**WORK REQUIRED**.
With the images left out, print every entry that follows exactly.

Stored dataset items
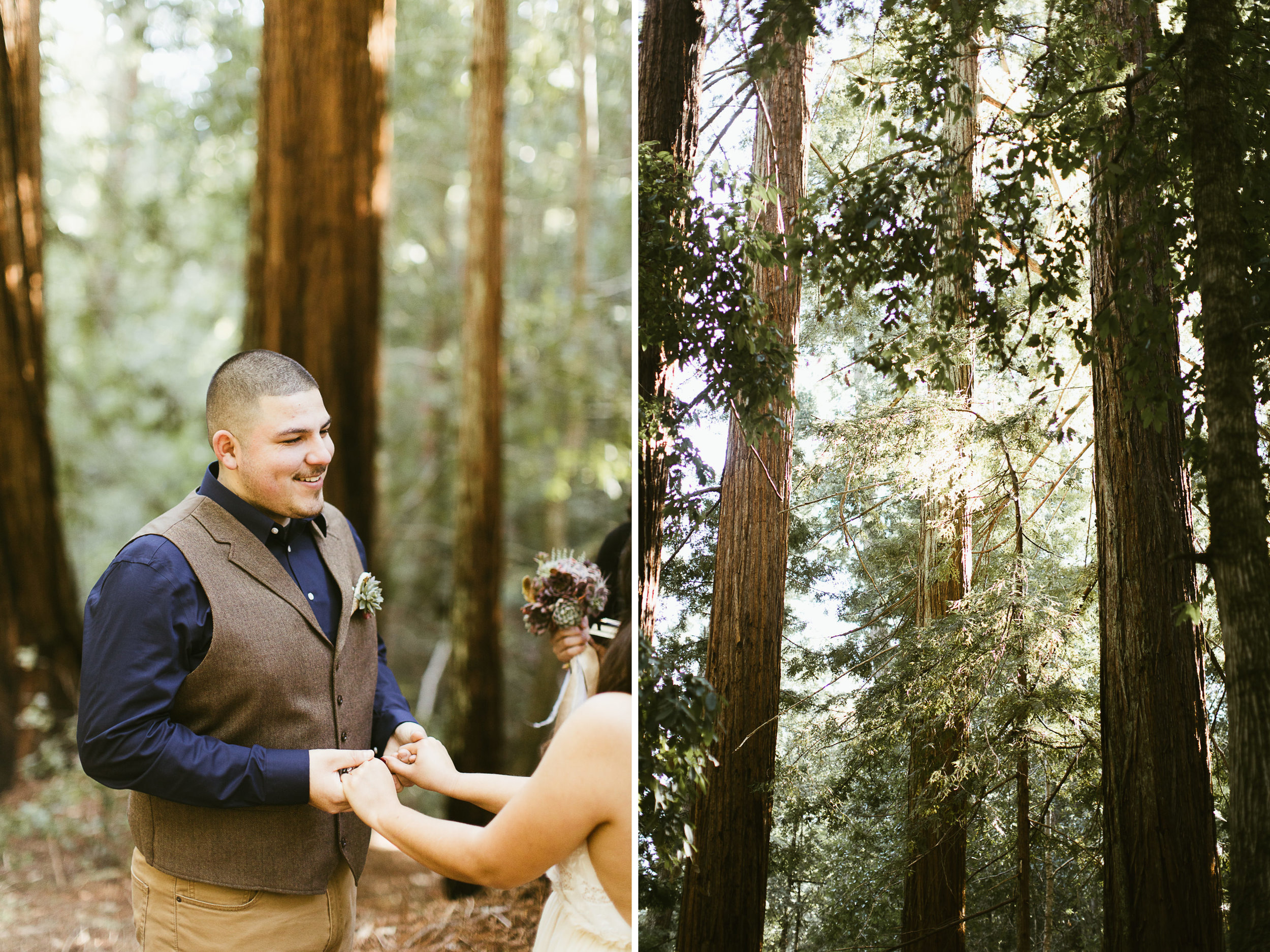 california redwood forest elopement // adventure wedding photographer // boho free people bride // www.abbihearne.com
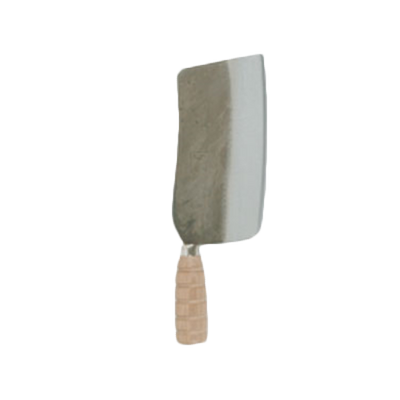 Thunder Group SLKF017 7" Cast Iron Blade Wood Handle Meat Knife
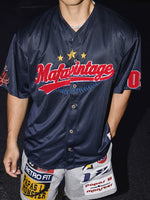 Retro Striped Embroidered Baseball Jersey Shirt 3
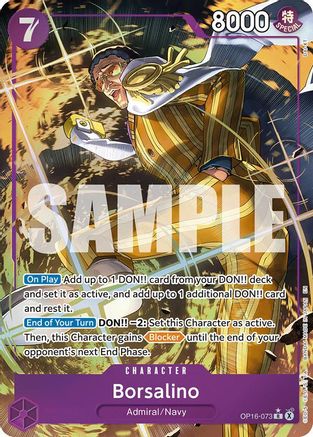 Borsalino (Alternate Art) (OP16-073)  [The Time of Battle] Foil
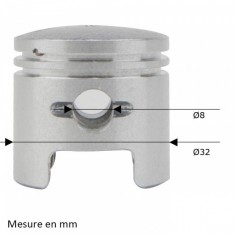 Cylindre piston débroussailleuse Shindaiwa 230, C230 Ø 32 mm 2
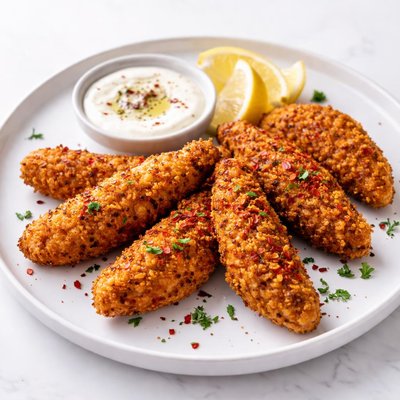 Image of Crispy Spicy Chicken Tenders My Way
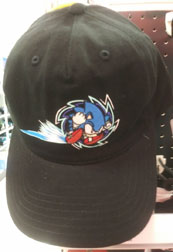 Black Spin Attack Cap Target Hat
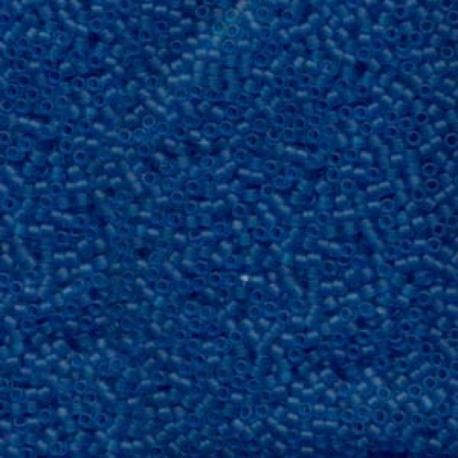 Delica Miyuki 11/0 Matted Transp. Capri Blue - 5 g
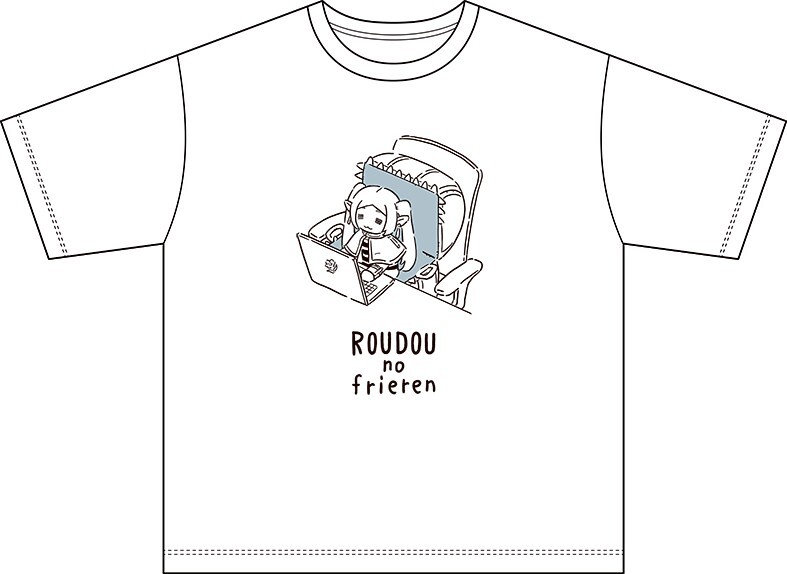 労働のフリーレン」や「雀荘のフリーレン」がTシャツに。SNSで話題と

**WRITTEN SOLUTION**.
 california redwood forest elopement // adventure wedding photographer // boho free people bride // www.abbihearne.com
 Thunder Group SLKF017 7" Cast Iron Blade Wood Handle Meat Knife
 Retro Striped Embroidered Baseball Jersey Shirt 3
 Borsalino (Alternate Art) (OP16-073)  [The Time of Battle] Foil
 Cylindre piston débroussailleuse Shindaiwa 230, C230 Ø 32 mm 2
 Image of Crispy Spicy Chicken Tenders My Way
 Black Spin Attack Cap Target Hat
 Delica Miyuki 11/0 Matted Transp. Capri Blue - 5 g
 労働のフリーレン」や「雀荘のフリーレン」がTシャツに。SNSで話題と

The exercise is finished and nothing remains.